Furthermore, it is clear that, under Section 218 of the Communications Act, we could require the same information from the holding companies that we required in the Order____ It simply makes no sense to argue that although the Commission can obtain information about the carriers from the holding company under Section 218, it had no authority to do so in the context of this proceeding. Accordingly we reject the operating companies’ arguments and will continue to require the reports to be filed by the holding companies.
Second order at 152-53 (footnotes omitted).
The Commission made it clear that § 218 of the Act provides it with the authority to require the RHCs to submit the requested reports. No one disputes this. But the Commission was not content to limit its holding to § 218; it again felt it necessary, in the first paragraph quoted above, to address itself to the RHCs’ common-carrier status. The RHCs object to this. We now examine the appellant’s challenge to these orders.
III.
U S West does not challenge any substantive act of the Commission. Only the Commission’s reasoning and dicta are questioned. Because of this, the Commission would have us dismiss the appeal as not ripe.
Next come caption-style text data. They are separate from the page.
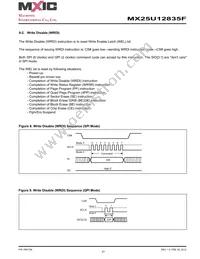 MX25U12835FZNI-08G Datasheet Page 21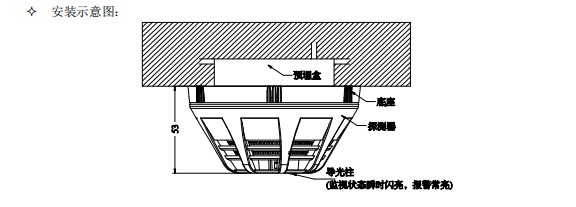 點型復(fù)合式感煙感溫火災(zāi)探測器安裝示意圖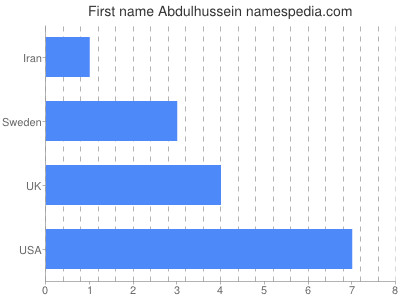 Vornamen Abdulhussein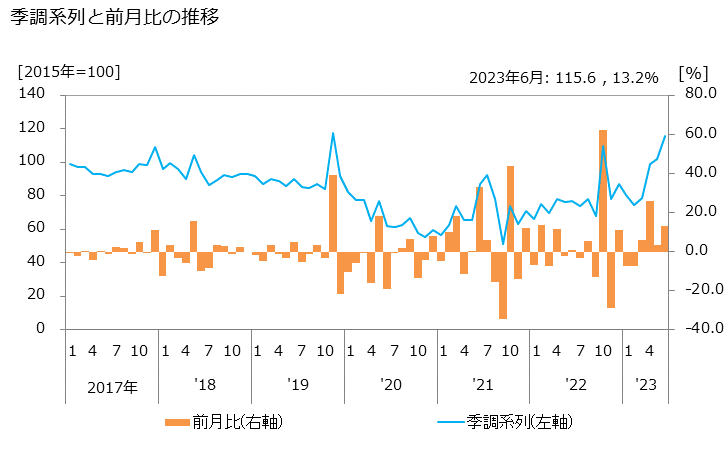 グラフ 屋外広告の活動指数の動向 季調系列と前月比の推移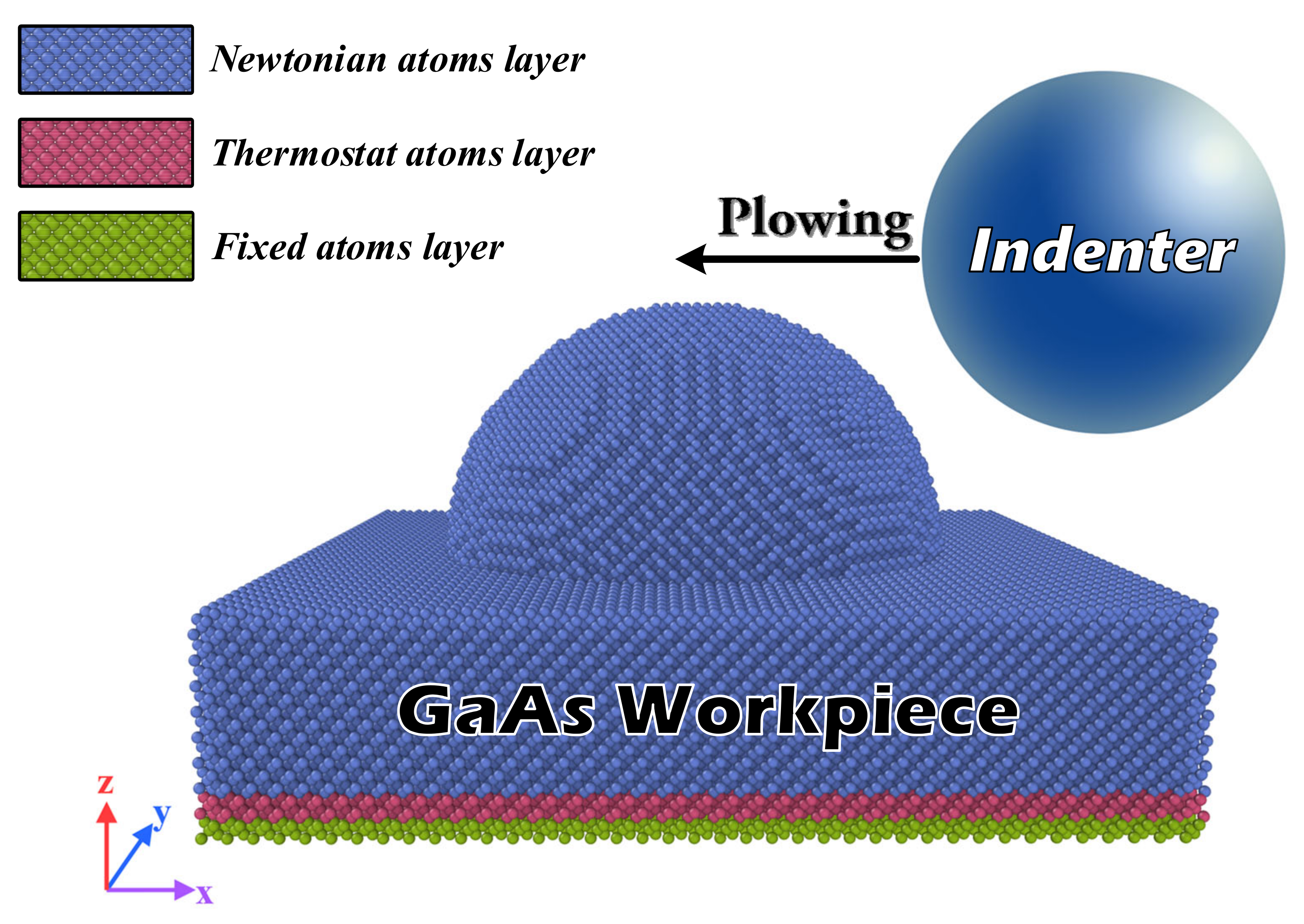 Micromachines 13 00502 g001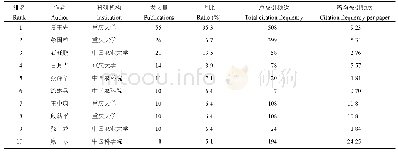 表5 1984年至2018年WOS数据库中蝗虫生物防治文献发文量中国排名前10的作者 (1984―2018)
The FCC claims that despite anything it may have said in its orders, it has not yet decided if the RHCs are common carriers
U S West is afraid that the Commission may not mean what it says. It points out that common carriers are subject to many obligations under the Communications Act and failure to comply is sometimes a criminal offense. U S West fears that as a result of the FCC’s “finding” of common-carrier status it may be subject to various responsibilities or penalties for failure to comply. The FCC complains that U S West seems to mistrust the agency. U S West’s anxiety is understandable, but, at least in this case, misplaced. The FCC insists that U S West is simply challenging dicta in its order. We agree.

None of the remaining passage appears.